Sinks¶
Sinks terminate a pipeline and materialize the result.
to_dataframe¶
Collects all rows into a pandas DataFrame.
chunksize=None(default): builds a list of dicts, then constructs the DataFrame. Simple but memory-intensive for large outputs.chunksize=N: incrementally builds the DataFrame in chunks of N rows, then concatenates. Lower peak memory.
from crxml import CrystalXMLSource, RenameFields, to_dataframe
pipe = CrystalXMLSource("report.xml") | RenameFields({"f1": "name"})
df = to_dataframe(pipe, chunksize=10000)
to_csv¶
Streams rows directly to CSV. Supports all csv.writer kwargs via
**csv_writer_kwargs:
from crxml import CrystalXMLSource, to_csv
pipe = CrystalXMLSource("report.xml")
to_csv(pipe, "output.csv", delimiter=";", quoting=1)
The CSV is written incrementally as rows are produced. No intermediate list.
collect¶
Materializes the pipeline into a list of dicts.
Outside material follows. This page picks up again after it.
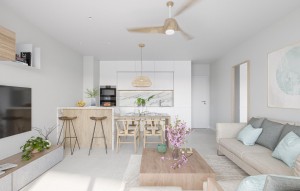 New Build - Ground floor apartment - San Pedro del Pinatar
Useful for testing and debugging:
from crxml import CrystalXMLSource, collect
rows = collect(CrystalXMLSource("report.xml"))
assert len(rows) == 8306
XLSX via openpyxl¶
crxml does not have a built-in XLSX sink, but you can build one easily:
from openpyxl import Workbook
from crxml import CrystalXMLSource, collect
rows = collect(CrystalXMLSource("report.xml"))
wb = Workbook()
ws = wb.active
if rows:
ws.append(list(rows[0].keys()))
for row in rows:
ws.append(list(row.values()))
wb.save("output.xlsx")
For large files, chunk the writes to avoid loading all rows into memory.